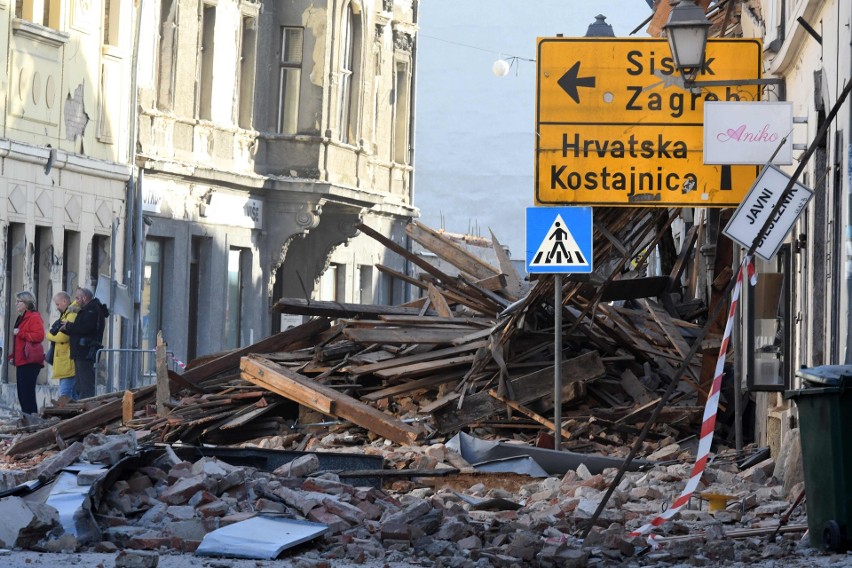 Chorwacja: Rośnie liczba ofiar po trzęsieniu ziemi. Wciąż trwa akcja ratunkowa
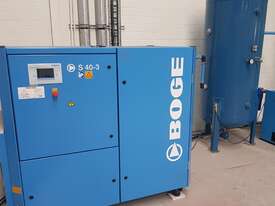  * Sold * BOGE S 40-3 30kw 40hp 415v 187CFM 8 BAR ROTARY SCREW 500 Hours Yr 2021 GERMANY  - picture0' - Click to enlarge
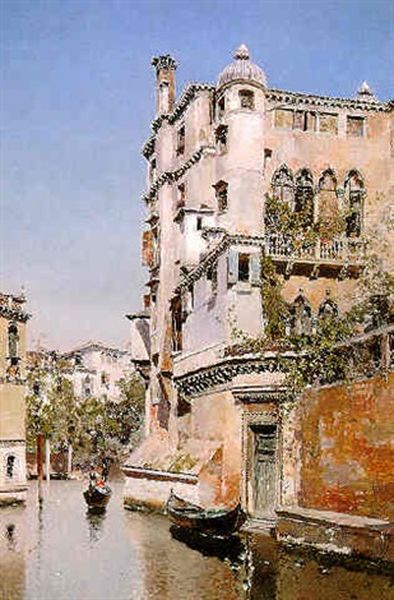 Rincon De Venecia Oil Painting by Martin Rico y Ortega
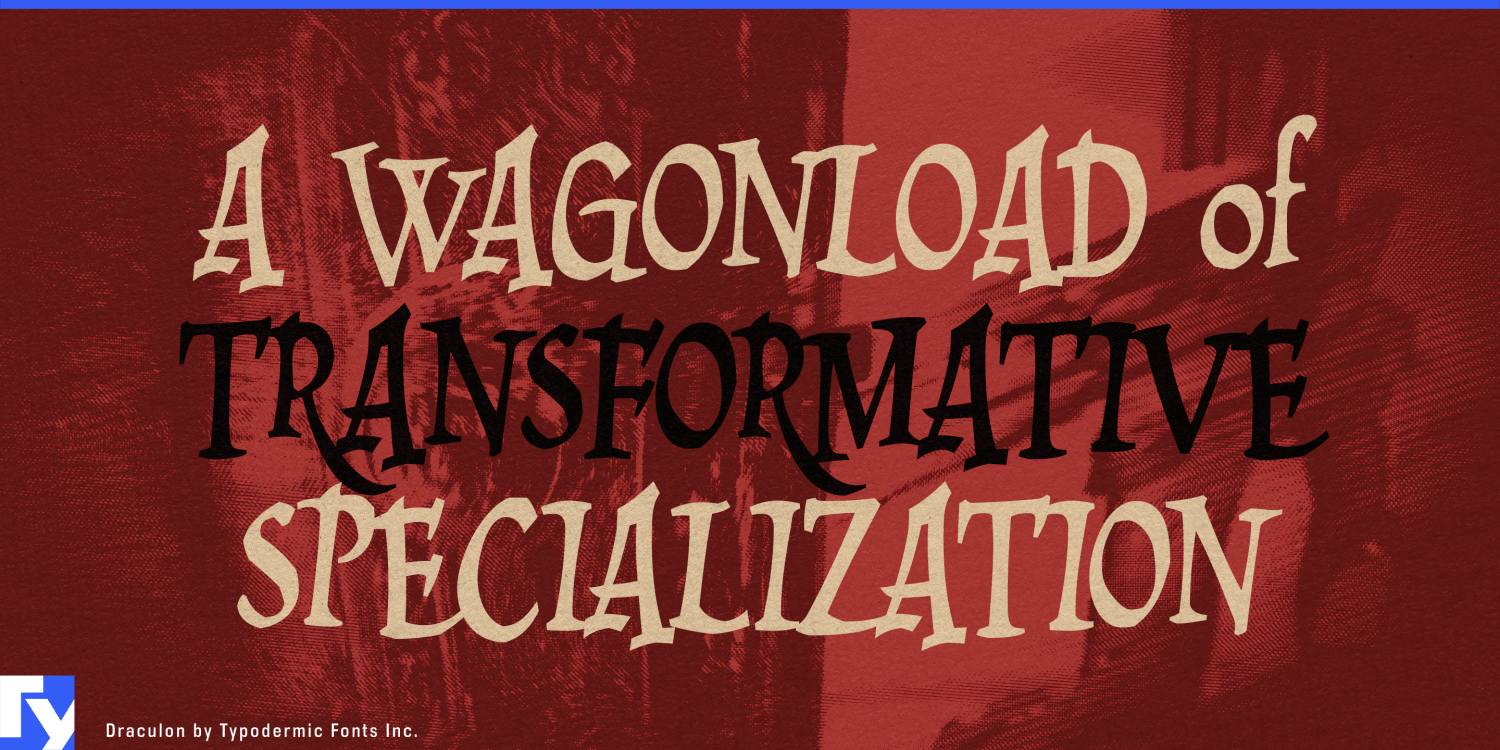Draculon Font Poster #1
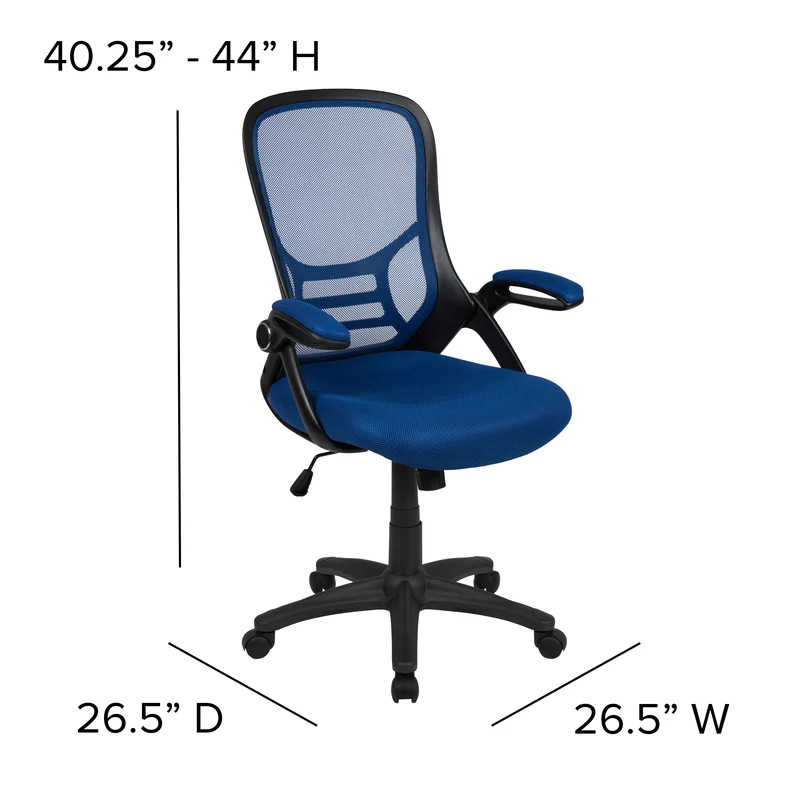 High Back Mesh Ergonomic Office Chair with Flip-up Arms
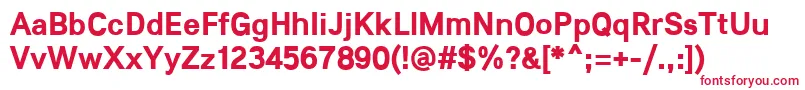 Lunchtype21Bold Font – Red Fonts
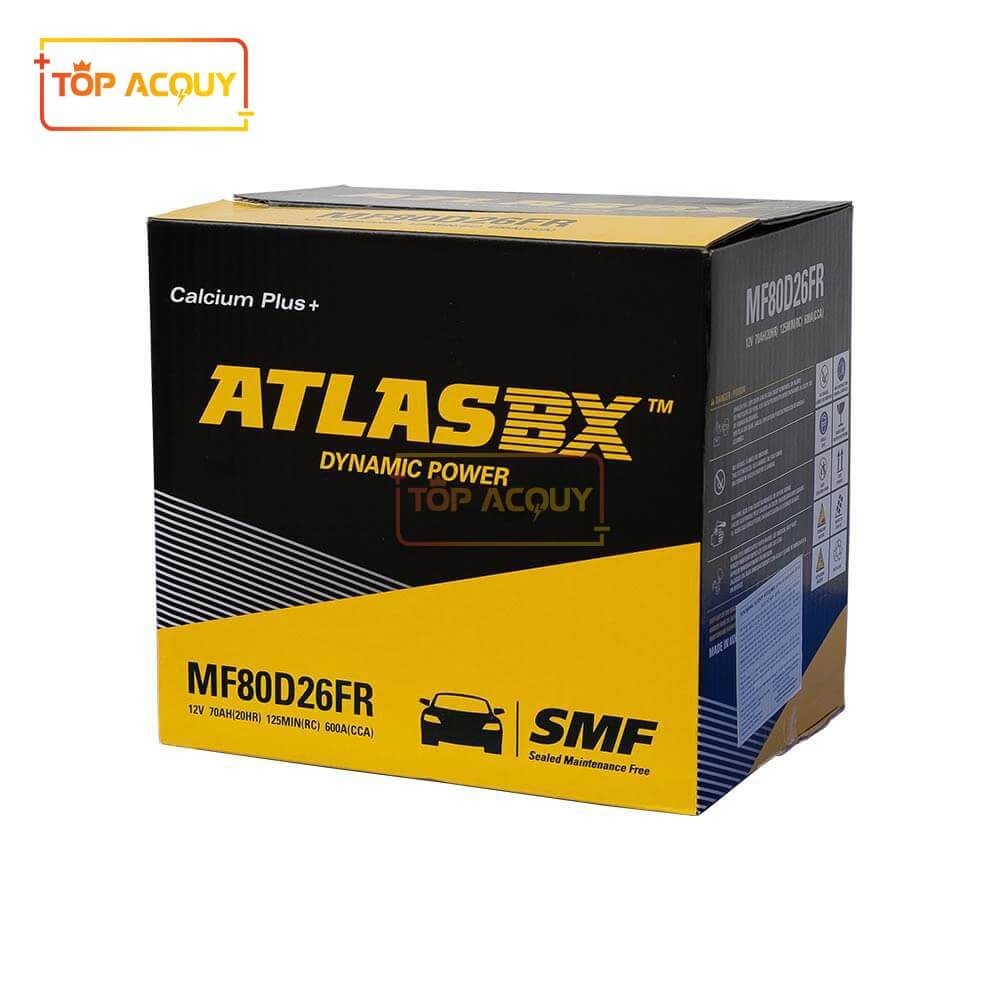ẮC QUY ATLAS 12V - 70AH MF 80D26FR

────────────────────

**Activity**
Could you return each line, unchanged, from the line containing "Draculon Font Poster #1" through the last line of the entries above, leaving out the pictures?

**Answer to this task**
Draculon Font Poster #1
 High Back Mesh Ergonomic Office Chair with Flip-up Arms
 Lunchtype21Bold Font – Red Fonts
ẮC QUY ATLAS 12V - 70AH MF 80D26FR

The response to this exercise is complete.